BEGIN Provided records
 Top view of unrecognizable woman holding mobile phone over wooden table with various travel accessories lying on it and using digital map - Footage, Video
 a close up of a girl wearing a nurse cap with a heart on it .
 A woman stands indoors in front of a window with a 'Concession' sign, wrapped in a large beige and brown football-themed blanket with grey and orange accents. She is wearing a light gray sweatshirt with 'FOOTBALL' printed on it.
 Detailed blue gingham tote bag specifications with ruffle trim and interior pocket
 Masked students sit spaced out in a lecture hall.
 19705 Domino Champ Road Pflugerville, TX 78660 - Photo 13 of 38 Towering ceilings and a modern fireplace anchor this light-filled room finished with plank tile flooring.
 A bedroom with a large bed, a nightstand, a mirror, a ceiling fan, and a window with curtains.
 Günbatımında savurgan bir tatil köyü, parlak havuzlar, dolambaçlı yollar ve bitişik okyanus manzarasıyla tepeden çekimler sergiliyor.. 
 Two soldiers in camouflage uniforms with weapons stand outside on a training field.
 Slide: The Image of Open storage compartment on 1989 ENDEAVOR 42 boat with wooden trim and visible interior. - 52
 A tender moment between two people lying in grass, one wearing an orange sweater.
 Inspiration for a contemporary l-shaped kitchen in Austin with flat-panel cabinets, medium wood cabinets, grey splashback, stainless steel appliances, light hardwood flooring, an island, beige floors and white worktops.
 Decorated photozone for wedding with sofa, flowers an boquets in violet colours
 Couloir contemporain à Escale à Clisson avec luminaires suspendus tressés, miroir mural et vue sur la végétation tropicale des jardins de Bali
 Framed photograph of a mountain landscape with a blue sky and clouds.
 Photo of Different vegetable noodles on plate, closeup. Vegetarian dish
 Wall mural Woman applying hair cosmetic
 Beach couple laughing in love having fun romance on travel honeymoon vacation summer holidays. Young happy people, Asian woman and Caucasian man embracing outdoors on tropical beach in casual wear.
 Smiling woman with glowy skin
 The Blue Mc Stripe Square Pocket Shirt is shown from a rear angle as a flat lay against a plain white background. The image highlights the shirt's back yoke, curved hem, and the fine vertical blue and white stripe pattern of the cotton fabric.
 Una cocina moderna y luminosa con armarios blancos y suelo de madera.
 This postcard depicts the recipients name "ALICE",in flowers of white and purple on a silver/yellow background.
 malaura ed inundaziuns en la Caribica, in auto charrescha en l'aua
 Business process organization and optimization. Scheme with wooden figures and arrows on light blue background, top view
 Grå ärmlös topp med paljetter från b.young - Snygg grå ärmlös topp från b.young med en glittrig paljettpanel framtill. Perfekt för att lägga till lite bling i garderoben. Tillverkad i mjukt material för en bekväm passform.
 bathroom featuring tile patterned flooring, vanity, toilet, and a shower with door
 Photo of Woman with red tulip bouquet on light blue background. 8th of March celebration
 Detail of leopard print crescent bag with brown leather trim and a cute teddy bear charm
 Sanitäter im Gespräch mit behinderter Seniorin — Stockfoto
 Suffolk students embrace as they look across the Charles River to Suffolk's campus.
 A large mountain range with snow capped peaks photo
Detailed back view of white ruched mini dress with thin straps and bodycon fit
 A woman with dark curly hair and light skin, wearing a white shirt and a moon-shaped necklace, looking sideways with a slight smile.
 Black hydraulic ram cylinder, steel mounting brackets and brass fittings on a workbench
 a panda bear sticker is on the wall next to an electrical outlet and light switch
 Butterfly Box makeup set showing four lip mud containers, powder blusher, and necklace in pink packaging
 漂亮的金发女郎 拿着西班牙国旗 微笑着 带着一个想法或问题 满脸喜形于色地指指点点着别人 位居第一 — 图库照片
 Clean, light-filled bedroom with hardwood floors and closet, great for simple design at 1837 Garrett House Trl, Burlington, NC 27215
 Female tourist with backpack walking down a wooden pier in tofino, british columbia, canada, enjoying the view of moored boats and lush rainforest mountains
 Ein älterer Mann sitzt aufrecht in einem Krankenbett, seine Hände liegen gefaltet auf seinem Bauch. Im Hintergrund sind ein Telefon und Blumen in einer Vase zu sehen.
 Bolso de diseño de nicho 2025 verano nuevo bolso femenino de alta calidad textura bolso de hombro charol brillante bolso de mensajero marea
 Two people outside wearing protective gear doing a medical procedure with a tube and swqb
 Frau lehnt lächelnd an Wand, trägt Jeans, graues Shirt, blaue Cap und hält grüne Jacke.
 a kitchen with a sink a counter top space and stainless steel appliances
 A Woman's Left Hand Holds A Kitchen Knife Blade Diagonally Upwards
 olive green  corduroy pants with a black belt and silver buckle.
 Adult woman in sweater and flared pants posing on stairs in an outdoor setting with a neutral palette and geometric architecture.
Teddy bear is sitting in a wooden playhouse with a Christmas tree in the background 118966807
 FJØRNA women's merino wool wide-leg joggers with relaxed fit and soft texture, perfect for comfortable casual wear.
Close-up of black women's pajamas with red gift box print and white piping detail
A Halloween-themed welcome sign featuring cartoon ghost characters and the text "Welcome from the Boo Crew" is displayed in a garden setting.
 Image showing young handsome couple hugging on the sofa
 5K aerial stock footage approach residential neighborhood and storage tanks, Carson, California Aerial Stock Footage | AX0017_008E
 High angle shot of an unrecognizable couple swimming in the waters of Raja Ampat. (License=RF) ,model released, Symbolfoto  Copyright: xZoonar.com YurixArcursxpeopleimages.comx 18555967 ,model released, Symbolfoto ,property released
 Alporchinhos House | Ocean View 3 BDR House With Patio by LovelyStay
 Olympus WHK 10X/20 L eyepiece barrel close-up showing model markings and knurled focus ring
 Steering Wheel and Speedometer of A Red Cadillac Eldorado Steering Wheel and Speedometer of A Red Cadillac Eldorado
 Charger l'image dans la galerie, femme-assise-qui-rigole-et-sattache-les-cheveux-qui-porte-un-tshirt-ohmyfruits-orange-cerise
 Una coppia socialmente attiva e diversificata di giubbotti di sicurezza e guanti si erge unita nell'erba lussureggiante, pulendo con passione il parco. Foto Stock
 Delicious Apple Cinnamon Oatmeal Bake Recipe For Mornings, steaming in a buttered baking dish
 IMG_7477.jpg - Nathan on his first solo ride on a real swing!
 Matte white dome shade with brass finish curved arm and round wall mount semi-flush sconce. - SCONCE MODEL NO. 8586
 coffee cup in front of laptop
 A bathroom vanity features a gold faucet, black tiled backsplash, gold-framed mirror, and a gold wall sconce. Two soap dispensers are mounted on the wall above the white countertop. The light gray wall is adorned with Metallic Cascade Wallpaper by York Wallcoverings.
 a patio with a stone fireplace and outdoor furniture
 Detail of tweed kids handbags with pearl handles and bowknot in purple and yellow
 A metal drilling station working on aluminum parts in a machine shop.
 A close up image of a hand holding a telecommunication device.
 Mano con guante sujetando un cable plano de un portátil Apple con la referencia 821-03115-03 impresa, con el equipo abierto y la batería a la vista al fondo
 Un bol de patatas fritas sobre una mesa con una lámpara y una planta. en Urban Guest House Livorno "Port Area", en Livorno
END Provided records
[Exercise description]
Reproduce every entry above exactly as it was written.

[Solution]
 Top view of unrecognizable woman holding mobile phone over wooden table with various travel accessories lying on it and using digital map - Footage, Video
 a close up of a girl wearing a nurse cap with a heart on it .
 A woman stands indoors in front of a window with a 'Concession' sign, wrapped in a large beige and brown football-themed blanket with grey and orange accents. She is wearing a light gray sweatshirt with 'FOOTBALL' printed on it.
 Detailed blue gingham tote bag specifications with ruffle trim and interior pocket
 Masked students sit spaced out in a lecture hall.
 19705 Domino Champ Road Pflugerville, TX 78660 - Photo 13 of 38 Towering ceilings and a modern fireplace anchor this light-filled room finished with plank tile flooring.
 A bedroom with a large bed, a nightstand, a mirror, a ceiling fan, and a window with curtains.
 Günbatımında savurgan bir tatil köyü, parlak havuzlar, dolambaçlı yollar ve bitişik okyanus manzarasıyla tepeden çekimler sergiliyor.. 
 Two soldiers in camouflage uniforms with weapons stand outside on a training field.
 Slide: The Image of Open storage compartment on 1989 ENDEAVOR 42 boat with wooden trim and visible interior. - 52
 A tender moment between two people lying in grass, one wearing an orange sweater.
 Inspiration for a contemporary l-shaped kitchen in Austin with flat-panel cabinets, medium wood cabinets, grey splashback, stainless steel appliances, light hardwood flooring, an island, beige floors and white worktops.
 Decorated photozone for wedding with sofa, flowers an boquets in violet colours
 Couloir contemporain à Escale à Clisson avec luminaires suspendus tressés, miroir mural et vue sur la végétation tropicale des jardins de Bali
 Framed photograph of a mountain landscape with a blue sky and clouds.
 Photo of Different vegetable noodles on plate, closeup. Vegetarian dish
 Wall mural Woman applying hair cosmetic
 Beach couple laughing in love having fun romance on travel honeymoon vacation summer holidays. Young happy people, Asian woman and Caucasian man embracing outdoors on tropical beach in casual wear.
 Smiling woman with glowy skin
 The Blue Mc Stripe Square Pocket Shirt is shown from a rear angle as a flat lay against a plain white background. The image highlights the shirt's back yoke, curved hem, and the fine vertical blue and white stripe pattern of the cotton fabric.
 Una cocina moderna y luminosa con armarios blancos y suelo de madera.
 This postcard depicts the recipients name "ALICE",in flowers of white and purple on a silver/yellow background.
 malaura ed inundaziuns en la Caribica, in auto charrescha en l'aua
 Business process organization and optimization. Scheme with wooden figures and arrows on light blue background, top view
 Grå ärmlös topp med paljetter från b.young - Snygg grå ärmlös topp från b.young med en glittrig paljettpanel framtill. Perfekt för att lägga till lite bling i garderoben. Tillverkad i mjukt material för en bekväm passform.
 bathroom featuring tile patterned flooring, vanity, toilet, and a shower with door
 Photo of Woman with red tulip bouquet on light blue background. 8th of March celebration
 Detail of leopard print crescent bag with brown leather trim and a cute teddy bear charm
 Sanitäter im Gespräch mit behinderter Seniorin — Stockfoto
 Suffolk students embrace as they look across the Charles River to Suffolk's campus.
 A large mountain range with snow capped peaks photo
Detailed back view of white ruched mini dress with thin straps and bodycon fit
 A woman with dark curly hair and light skin, wearing a white shirt and a moon-shaped necklace, looking sideways with a slight smile.
 Black hydraulic ram cylinder, steel mounting brackets and brass fittings on a workbench
 a panda bear sticker is on the wall next to an electrical outlet and light switch
 Butterfly Box makeup set showing four lip mud containers, powder blusher, and necklace in pink packaging
 漂亮的金发女郎 拿着西班牙国旗 微笑着 带着一个想法或问题 满脸喜形于色地指指点点着别人 位居第一 — 图库照片
 Clean, light-filled bedroom with hardwood floors and closet, great for simple design at 1837 Garrett House Trl, Burlington, NC 27215
 Female tourist with backpack walking down a wooden pier in tofino, british columbia, canada, enjoying the view of moored boats and lush rainforest mountains
 Ein älterer Mann sitzt aufrecht in einem Krankenbett, seine Hände liegen gefaltet auf seinem Bauch. Im Hintergrund sind ein Telefon und Blumen in einer Vase zu sehen.
 Bolso de diseño de nicho 2025 verano nuevo bolso femenino de alta calidad textura bolso de hombro charol brillante bolso de mensajero marea
 Two people outside wearing protective gear doing a medical procedure with a tube and swqb
 Frau lehnt lächelnd an Wand, trägt Jeans, graues Shirt, blaue Cap und hält grüne Jacke.
 a kitchen with a sink a counter top space and stainless steel appliances
 A Woman's Left Hand Holds A Kitchen Knife Blade Diagonally Upwards
 olive green  corduroy pants with a black belt and silver buckle.
 Adult woman in sweater and flared pants posing on stairs in an outdoor setting with a neutral palette and geometric architecture.
Teddy bear is sitting in a wooden playhouse with a Christmas tree in the background 118966807
 FJØRNA women's merino wool wide-leg joggers with relaxed fit and soft texture, perfect for comfortable casual wear.
Close-up of black women's pajamas with red gift box print and white piping detail
A Halloween-themed welcome sign featuring cartoon ghost characters and the text "Welcome from the Boo Crew" is displayed in a garden setting.
 Image showing young handsome couple hugging on the sofa
 5K aerial stock footage approach residential neighborhood and storage tanks, Carson, California Aerial Stock Footage | AX0017_008E
 High angle shot of an unrecognizable couple swimming in the waters of Raja Ampat. (License=RF) ,model released, Symbolfoto  Copyright: xZoonar.com YurixArcursxpeopleimages.comx 18555967 ,model released, Symbolfoto ,property released
 Alporchinhos House | Ocean View 3 BDR House With Patio by LovelyStay
 Olympus WHK 10X/20 L eyepiece barrel close-up showing model markings and knurled focus ring
 Steering Wheel and Speedometer of A Red Cadillac Eldorado Steering Wheel and Speedometer of A Red Cadillac Eldorado
 Charger l'image dans la galerie, femme-assise-qui-rigole-et-sattache-les-cheveux-qui-porte-un-tshirt-ohmyfruits-orange-cerise
 Una coppia socialmente attiva e diversificata di giubbotti di sicurezza e guanti si erge unita nell'erba lussureggiante, pulendo con passione il parco. Foto Stock
 Delicious Apple Cinnamon Oatmeal Bake Recipe For Mornings, steaming in a buttered baking dish
 IMG_7477.jpg - Nathan on his first solo ride on a real swing!
 Matte white dome shade with brass finish curved arm and round wall mount semi-flush sconce. - SCONCE MODEL NO. 8586
 coffee cup in front of laptop
 A bathroom vanity features a gold faucet, black tiled backsplash, gold-framed mirror, and a gold wall sconce. Two soap dispensers are mounted on the wall above the white countertop. The light gray wall is adorned with Metallic Cascade Wallpaper by York Wallcoverings.
 a patio with a stone fireplace and outdoor furniture
 Detail of tweed kids handbags with pearl handles and bowknot in purple and yellow
 A metal drilling station working on aluminum parts in a machine shop.
 A close up image of a hand holding a telecommunication device.
 Mano con guante sujetando un cable plano de un portátil Apple con la referencia 821-03115-03 impresa, con el equipo abierto y la batería a la vista al fondo
 Un bol de patatas fritas sobre una mesa con una lámpara y una planta. en Urban Guest House Livorno "Port Area", en Livorno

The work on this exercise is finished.